Average instruction execution time = CPU time + Memory access time

Memory access time = No. of memory accesses by the instruction * average memory access time

Average memory access time =
[probability of a TLB hit * regular memory access time]
+ [probability of a TLB miss * (Time for accessing the 1st level of the paging tables
+ Time for accessing the 2nd level of the paging tables
+ Time for accessing memory which may not be paged in with the translated address)]

Time for accessing the 1st level of the paging tables
= Time for accessing the 2nd level of the paging tables
= Time for accessing memory which may not be paged in with the translated address
= [probability of a page fault * (page fault service time + regular memory access time) ]
+ [probability of no page fault * regular memory access time]
= [0.0001 * (8 ms + 150ns)]  + [0.9999 * 150 ns]
= 950 ns

Thus, average time per memory access = [0.9 * 150ns] + [0.1 * 3 * 950ns] = 420ns

Average instruction execution time = 100ns + (2 * 420ns) = 940ns


However the choices for this question are 645ns, 1050ns, 1215ns and 1230 ns.

I can't seem to be able to see where I have reasoned wrong.

EDIT

Average number of memory accesses per instruction is 2

-

I think the question wants you to assume that only about 30% of instructions involve a data memory access (which is somewhat low even for a RISC, Hennessey & Patterson give 47% for MIPS for 5 SPECint2000 benchmarks). 100ns + (1.3 * 420ns) = 646.

(Unless the average number of memory accesses per instruction was provided elsewhere, this question is technically unanswerable; but guessing that the number is less than two per instruction [e.g., a load-store ISA and not a memory-memory ISA] might be reasonable.)

-
Apologies.
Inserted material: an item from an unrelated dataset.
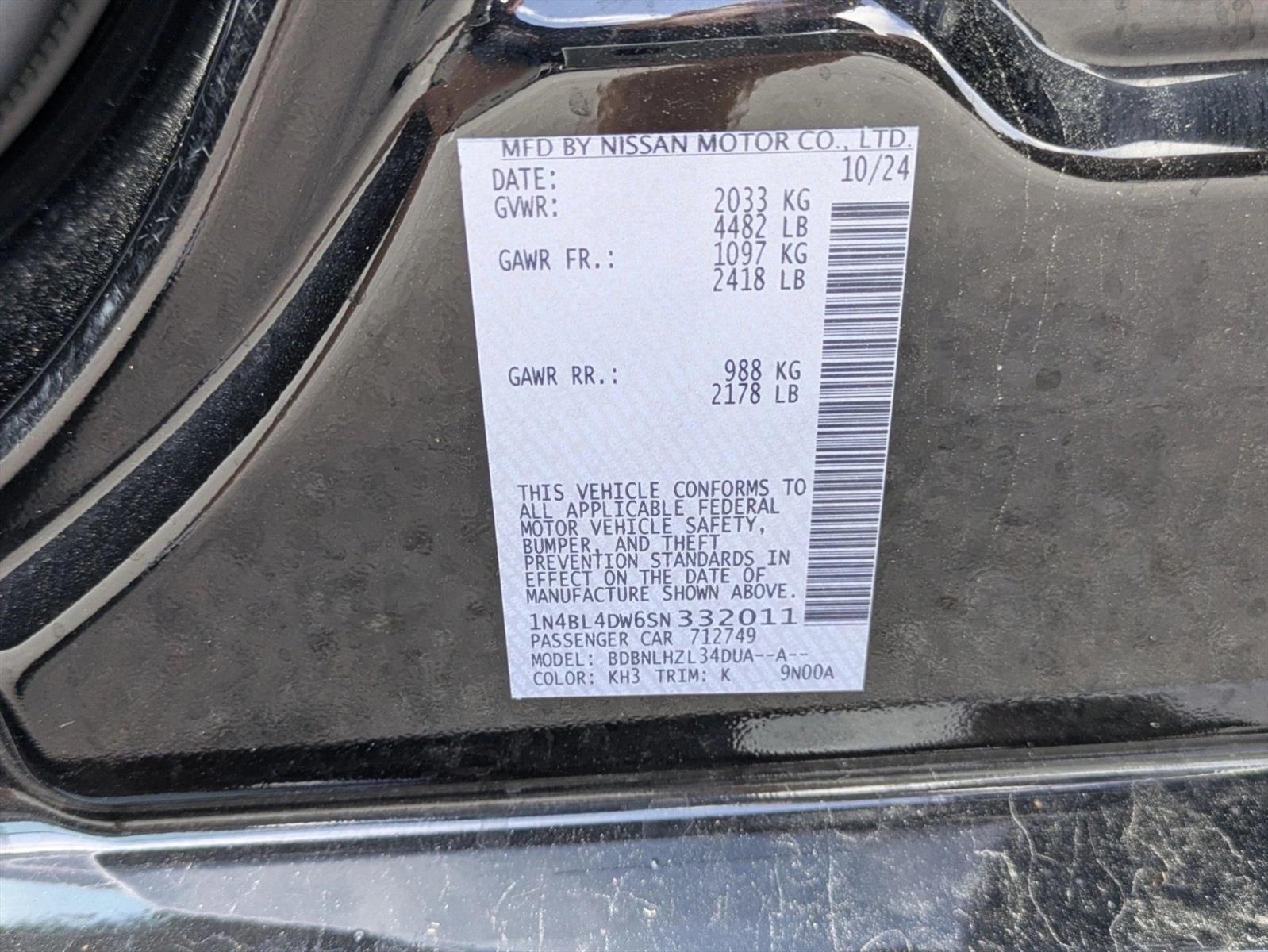 2025 Nissan Altima SV AWD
I missed adding that information. The average number of memory accesses per instruction is 2. –  Abhijith Nov 26 '12 at 13:13

I see two possible flaws in your reasoning. 1) At least the first level of the page table is typically pinned in memory (so it could never cause a page fault). 2) The page fault rate is presumably independent of the TLB miss rate (i.e., it is page faults per access not page faults per TLB miss).

This still will not provide an answer equal to any of the options. If the page fault rate is per access, then that would add 800ns to each memory access--1600ns in total--, which exceeds the highest value for total execution time! If the page fault rate is--bizarrely--per TLB miss (and the whole page table is pinned in memory), page faults would add 80ns to each memory access and TLB misses would add 30ns to each access; this would total 100ns + 2 * (150ns + 80ns + 30ns) = 620.

My guess is that the person providing the solution made an arithmetic error and only included the TLB miss and page fault overhead for one memory access. I.e., instead of 100ns + 2 * 150ns + 2 * (0.1 * [2 * 150ns]) + 2 * 0.0001 * 800ms--which would equal 2060ns--, they calculated 100ns + 2 * 150ns + ONE * (0.1 * [2 * 150ns]) + ONE * 0.0001 * 800ms--which would equal 1230ns, which is one of the answers provided. (This is assuming the page table is pinned in memory.)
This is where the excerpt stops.